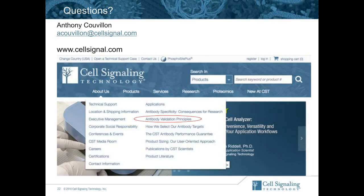I'd also like to thank our sponsor, Cell Signaling Technology, for making today's educational webcast possible. Today's webcast will be available for on-demand viewing through April of 2017. You'll receive an email from LabRoots alerting you when this webcast will be available for replay. We'll invite you to forward that announcement to your colleagues who may have missed today's live event. Until next time, goodbye.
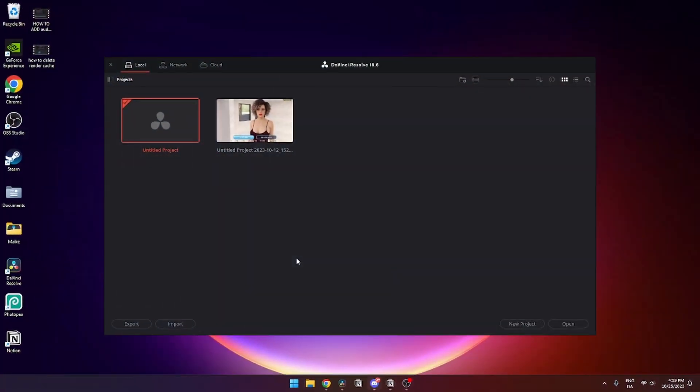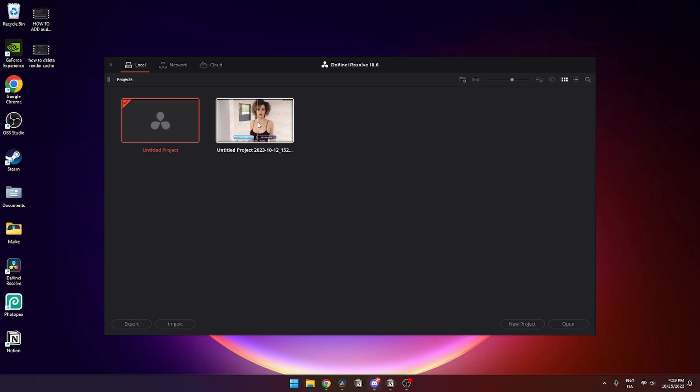When you're in the project manager, it should be looking something like this, where all your projects that you have previously worked on is located here.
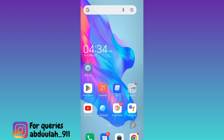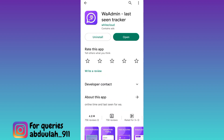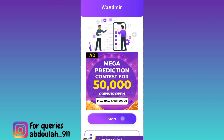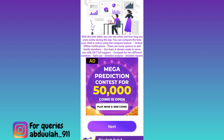then what you have to do is open your Play Store and download this application called WA Admin Last Seen Tracker. Once the application is downloaded and installed, open it, then click on Start, click on Next,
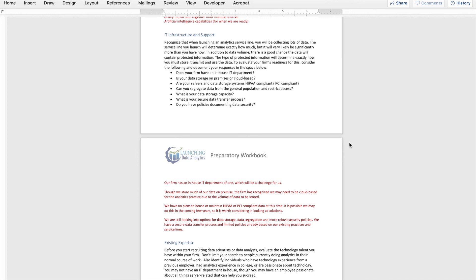You need to start thinking about, based on the volume and type of data you're going to receive, exactly how are you going to store it, transmit it, and use the data — what parameters and policies do you need in place. Does your firm have an in-house IT department and what are its capabilities to support an analytics service line? Do you store data on-premises or is it cloud-based? Are your systems HIPAA compliant? PCI compliant? What security do you have around those systems? Can you segregate data from the general population and restrict access if needed? And what are your policies around data security?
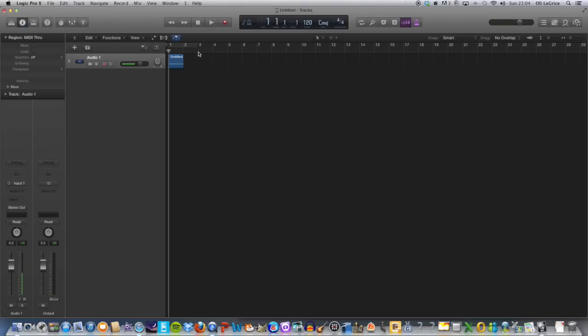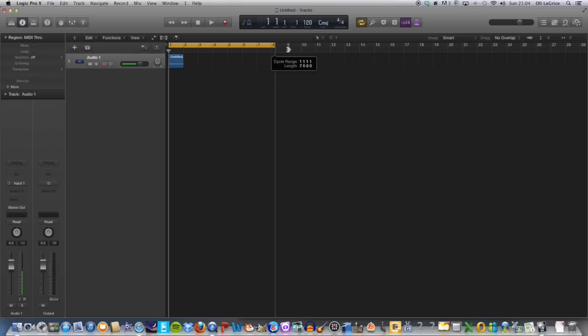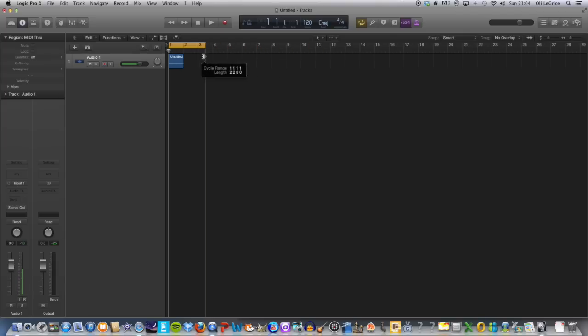What we do is we just highlight the bar, the loop bar at the top of the edit window. They can drag this out however long you want, but I'm just going to double the length of my chosen piece of audio.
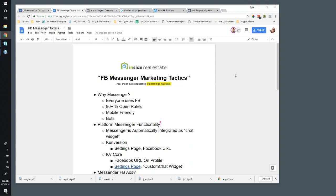Hey everybody, welcome to the weekly Inside Real Estate Tactics webinar. Today we're going to be doing Facebook Messenger marketing tactics. This should be a lot of fun — I actually have a guest today, somebody who's been working a lot with Facebook Messenger and building some pretty cool tech software around it, around Messenger bots.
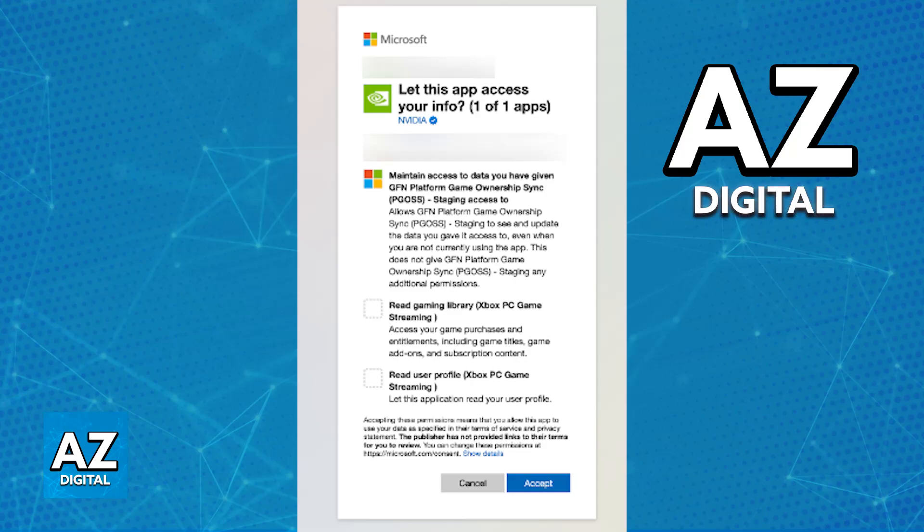Now, I do need to clear up a common misconception. Even though you can link your Xbox account, as of today, it does not directly integrate with Xbox Game Pass subscriptions.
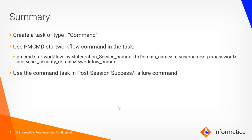Here is the summary of the demo that we have seen. We have created a task of type command and have specified the pmcmd start workflow command in that task. Here is the syntax for the pmcmd start workflow command. We have to specify several options like integration service name, domain name, username, password, security domain of the user specified and also the workflow name. Once the command task is created, we have to select that command task in the post session success or failure command based on the requirement.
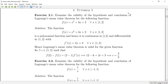In today's lecture, we have a little bit about Lagrange's Mean Value Theorem. The first thing is that if we have a function, we will check the hypothesis of Lagrange's Mean Value Theorem.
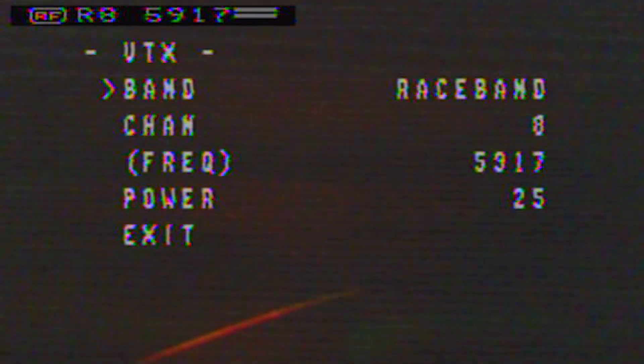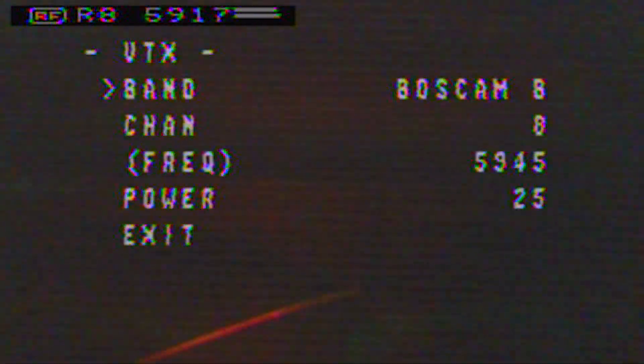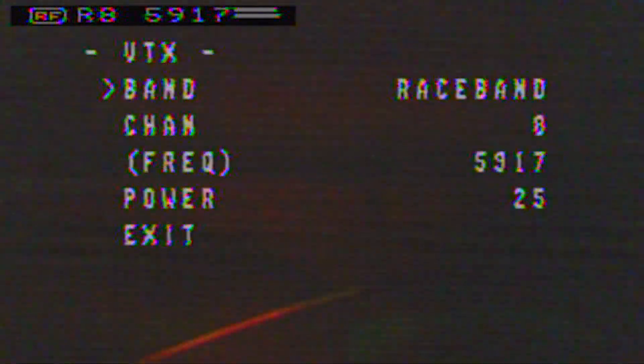Now that we're in the OSD menu, you simply push up and down on your stick to navigate through the menus and you push over to the right to select something. Now we're in the VTX section and if we want to change our band, simply scroll to the right or to the left to scroll through the different bands. I'm going to keep ours at race band. Scroll down if you want to change the channel.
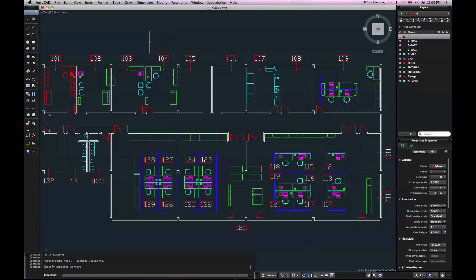Welcome to AutoCAD for Mac. I'd like to show you a little bit about customizing your user interface, as well as looking at the Layers palette.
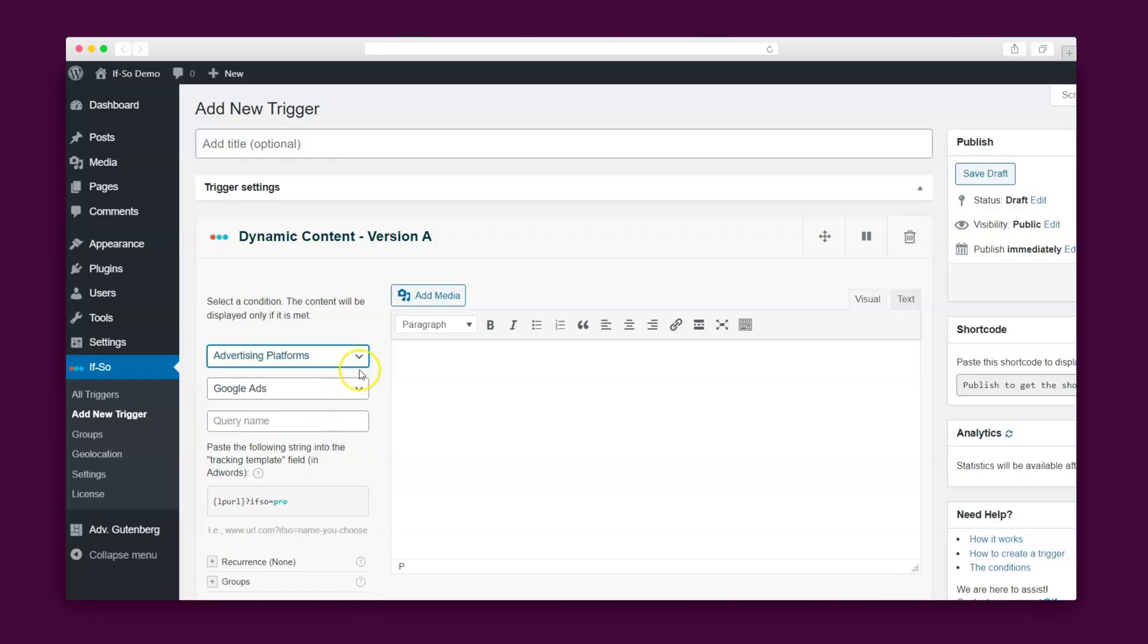For instance, with the Google Ads condition, you can optimize your Google ad links and tailor your landing page to the user's search term.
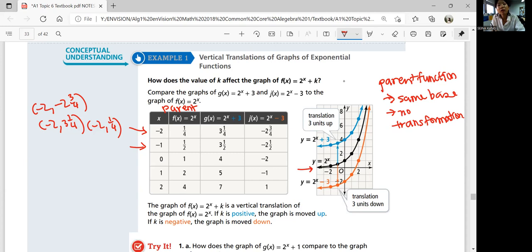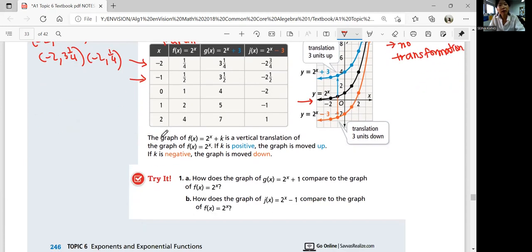If K is positive, you have a translation going up. If K is negative, your graph is moving down. So try question number one, A and B: How does the graph of G of x equals 2 to the power of x plus 1 compare to f of x equals 2 to the x power? Part B: J of x equals 2 to the x minus 1 — how does it compare to f of x equals 2 to the x power? See if you can describe it by yourself. You can use Desmos to compare the graphs as well.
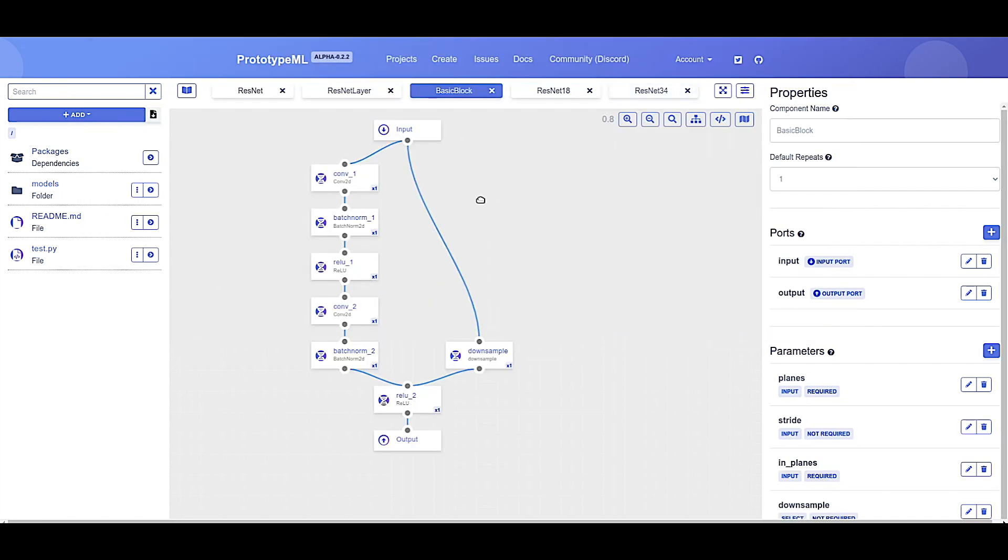This completes our tutorial for the ResNet architecture. Hopefully you now have a familiarity with the PrototypeML interface and functionality, and we encourage you to read our documentation and check out our other videos on the advanced functionality we haven't covered in this video. If you have any questions, please don't hesitate to get in touch. Thanks for joining us today.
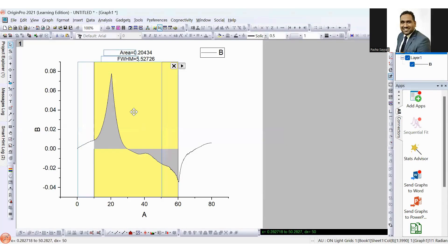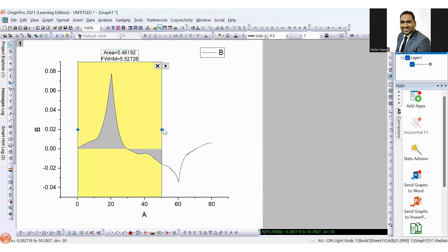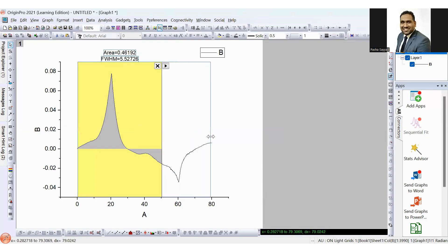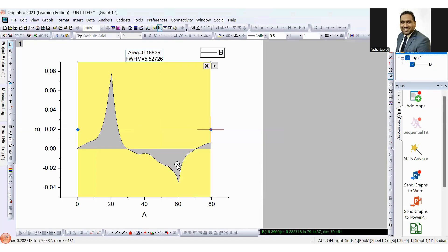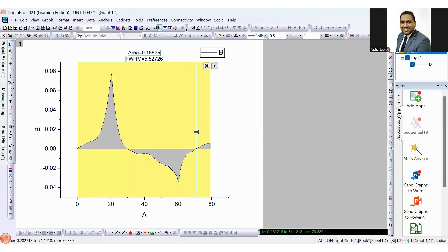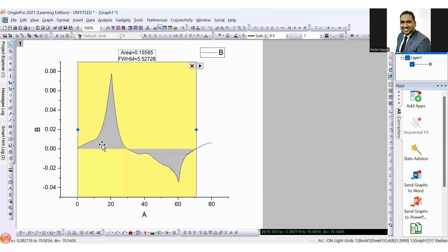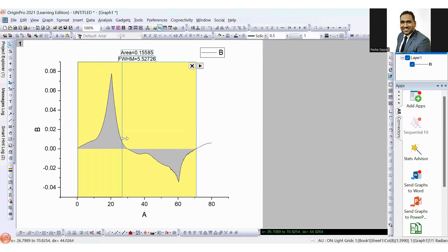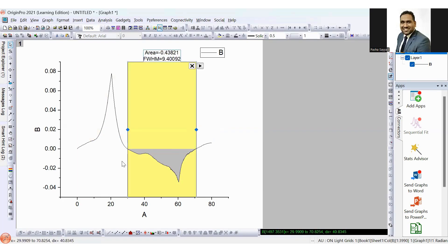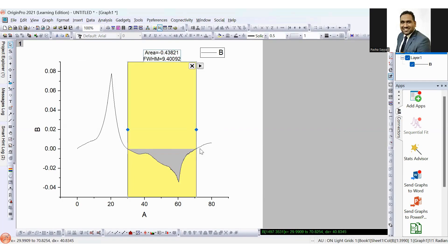And in this way, we can find out area under the curve during both oxidation process and reduction process. You can calculate the total area as well. But in my case, I am calculating area under the curve during the reduction process. So this is your area under the curve calculated using Origin software.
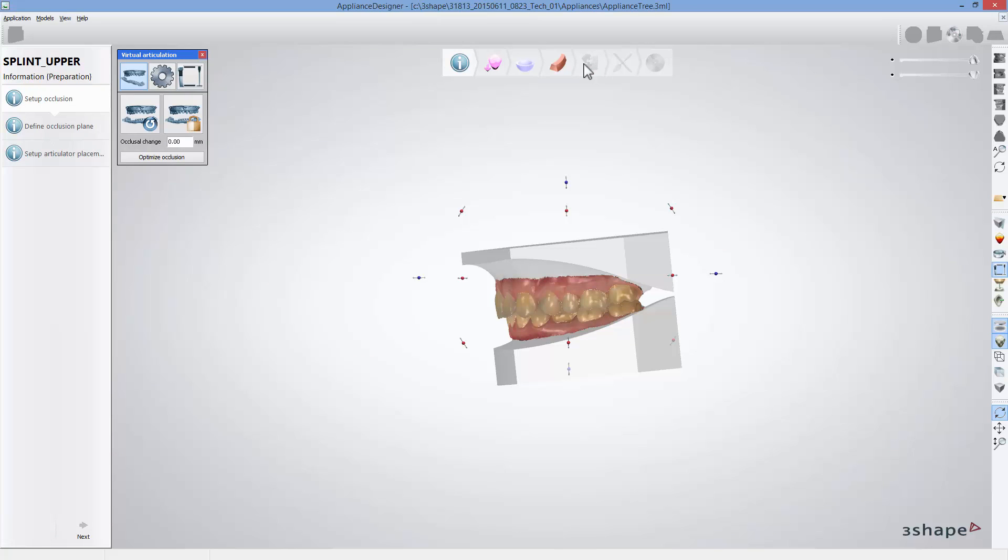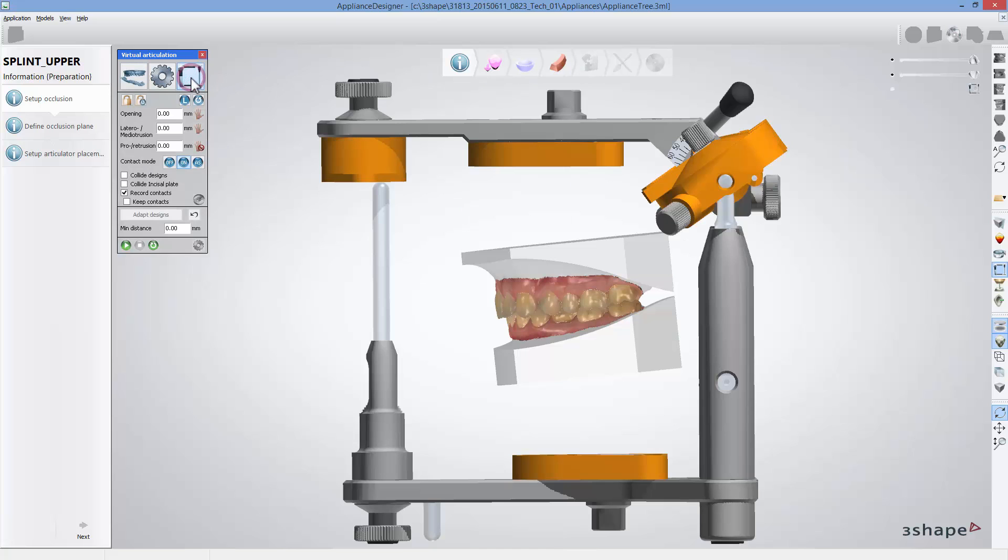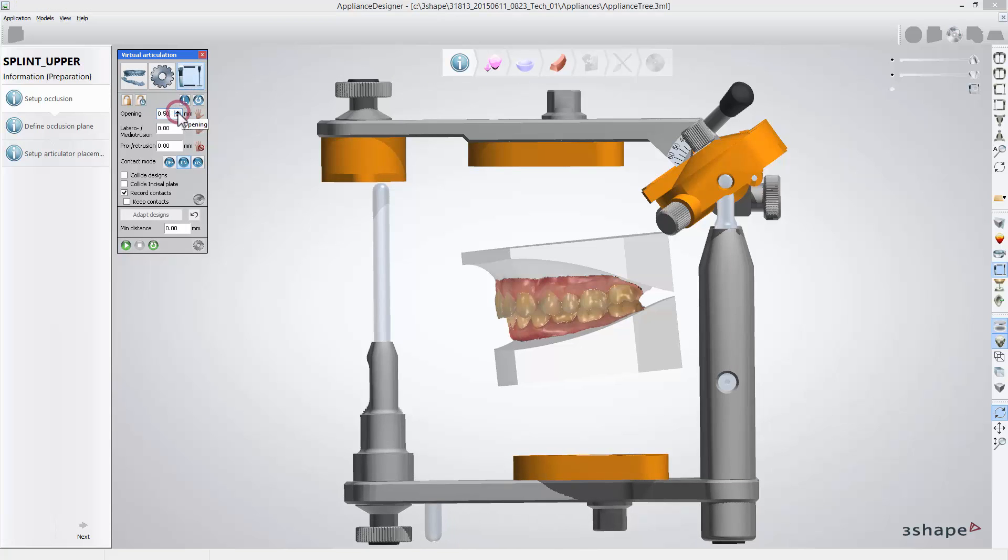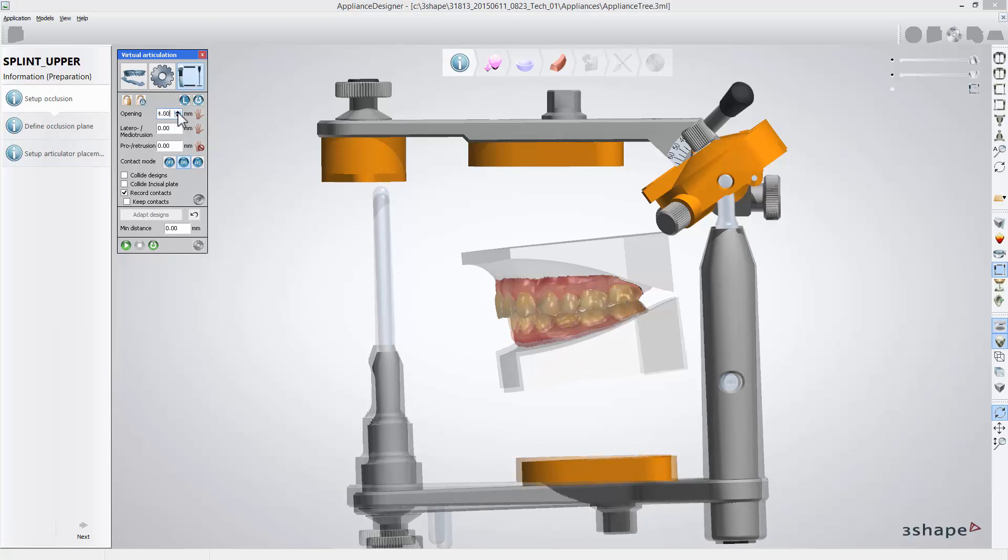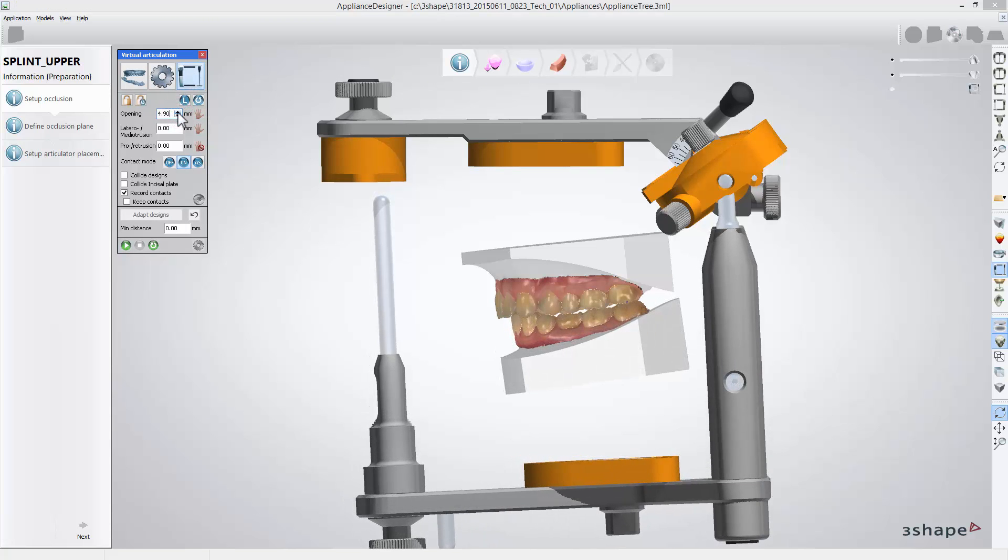Scans or models should be in correct occlusion. If occlusion requires adjustment, for example of opening, that can be done using dynamic virtual articulator. For that, click the articulator icon and set the opening value on the front pin.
○ ○ ○ ○
■ Problem statement
Set the pictures aside and retype exactly the lines above from the line with "Here is the summary" to the line with "In today's lecture, we", both included, adding no others.

■ Answer to this exercise
Here is the summary of the demo that we have seen. We have created a task of type command and have specified the pmcmd start workflow command in that task. Here is the syntax for the pmcmd start workflow command. We have to specify several options like integration service name, domain name, username, password, security domain of the user specified and also the workflow name. Once the command task is created, we have to select that command task in the post session success or failure command based on the requirement.
In today's lecture, we have a little bit about Lagrange's Mean Value Theorem. The first thing is that if we have a function, we will check the hypothesis of Lagrange's Mean Value Theorem.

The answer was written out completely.